Author’s Note: It’s been said that familiarity breeds unsuspecting unfamiliarity. This series is meant to help your God-given imagination to see things that might feel familiar, but perhaps can be new again: the true events of the last week before Jesus’ death. These posts are adapted from a sermon, and were written with two texts for study: the Gospel accounts and The Final Days of Jesus by Köstenberger and Taylor. 

Narrated by Amy Gray

Holy Week Series:
Palm Sunday
Monday
Tuesday
Wednesday

Thursday


This morning, as you were driving to work, possibly settling in at your desk, getting your youngest up from their nap, or headed to class, Pilate was having a tense conversation with the Holy Men (the priests and Pharisees)—and he seems to be losing.

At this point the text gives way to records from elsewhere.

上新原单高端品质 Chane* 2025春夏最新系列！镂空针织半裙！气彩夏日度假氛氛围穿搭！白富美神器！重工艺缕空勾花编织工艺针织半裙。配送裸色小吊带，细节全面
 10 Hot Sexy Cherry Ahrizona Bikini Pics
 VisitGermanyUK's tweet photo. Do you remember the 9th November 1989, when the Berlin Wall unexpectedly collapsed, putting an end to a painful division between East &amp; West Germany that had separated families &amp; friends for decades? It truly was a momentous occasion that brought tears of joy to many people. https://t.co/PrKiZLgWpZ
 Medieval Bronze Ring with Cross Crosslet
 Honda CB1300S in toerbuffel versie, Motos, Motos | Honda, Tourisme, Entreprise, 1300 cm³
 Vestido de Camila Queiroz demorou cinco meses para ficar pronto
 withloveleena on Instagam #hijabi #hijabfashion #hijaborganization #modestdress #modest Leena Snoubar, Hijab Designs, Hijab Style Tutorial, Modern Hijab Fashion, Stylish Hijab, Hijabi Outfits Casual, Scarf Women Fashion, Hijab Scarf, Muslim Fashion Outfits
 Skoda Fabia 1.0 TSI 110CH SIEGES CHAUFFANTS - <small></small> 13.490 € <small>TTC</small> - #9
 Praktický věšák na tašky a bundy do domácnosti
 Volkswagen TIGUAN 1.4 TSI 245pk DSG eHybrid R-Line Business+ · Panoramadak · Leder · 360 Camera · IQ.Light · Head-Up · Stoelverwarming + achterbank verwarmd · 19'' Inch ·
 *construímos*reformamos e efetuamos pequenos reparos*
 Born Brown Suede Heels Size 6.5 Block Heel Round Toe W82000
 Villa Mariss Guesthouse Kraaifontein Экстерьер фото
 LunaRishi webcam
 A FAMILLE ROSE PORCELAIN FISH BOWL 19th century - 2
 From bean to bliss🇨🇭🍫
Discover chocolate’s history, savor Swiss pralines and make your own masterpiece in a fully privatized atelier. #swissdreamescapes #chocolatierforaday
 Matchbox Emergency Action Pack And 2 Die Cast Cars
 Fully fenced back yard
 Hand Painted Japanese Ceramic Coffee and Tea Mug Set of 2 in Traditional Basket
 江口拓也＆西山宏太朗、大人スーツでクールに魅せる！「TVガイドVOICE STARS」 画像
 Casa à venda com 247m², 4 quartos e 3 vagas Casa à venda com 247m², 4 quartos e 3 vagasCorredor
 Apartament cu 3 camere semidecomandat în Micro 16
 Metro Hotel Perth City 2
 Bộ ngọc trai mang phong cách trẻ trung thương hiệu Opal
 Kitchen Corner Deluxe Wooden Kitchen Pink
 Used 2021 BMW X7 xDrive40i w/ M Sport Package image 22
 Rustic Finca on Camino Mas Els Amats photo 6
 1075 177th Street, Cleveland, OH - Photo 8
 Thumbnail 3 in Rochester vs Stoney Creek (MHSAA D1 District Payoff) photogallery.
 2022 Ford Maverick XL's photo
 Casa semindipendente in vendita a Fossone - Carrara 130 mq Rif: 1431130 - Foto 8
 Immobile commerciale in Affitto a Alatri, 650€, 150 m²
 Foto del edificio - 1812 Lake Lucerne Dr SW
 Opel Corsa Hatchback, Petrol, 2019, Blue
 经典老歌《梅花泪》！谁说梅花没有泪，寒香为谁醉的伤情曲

Try as he might, Pilate can’t agree with them about the threat level of this man Jesus. He keeps trying to turn Jesus loose, and the Holy Men finally threaten to go over Pilate’s head to his boss, Caesar.

And Pilate is nervous. His wife is telling him she’s had a dream about Jesus, and he should back away quickly. Jesus is puzzling him, because He’s not acting like any terrorist or criminal Pilate’s ever seen. There is something not right. The only thing he can sense for sure is the envy of the priests and that Jesus is threatening their popularity and power.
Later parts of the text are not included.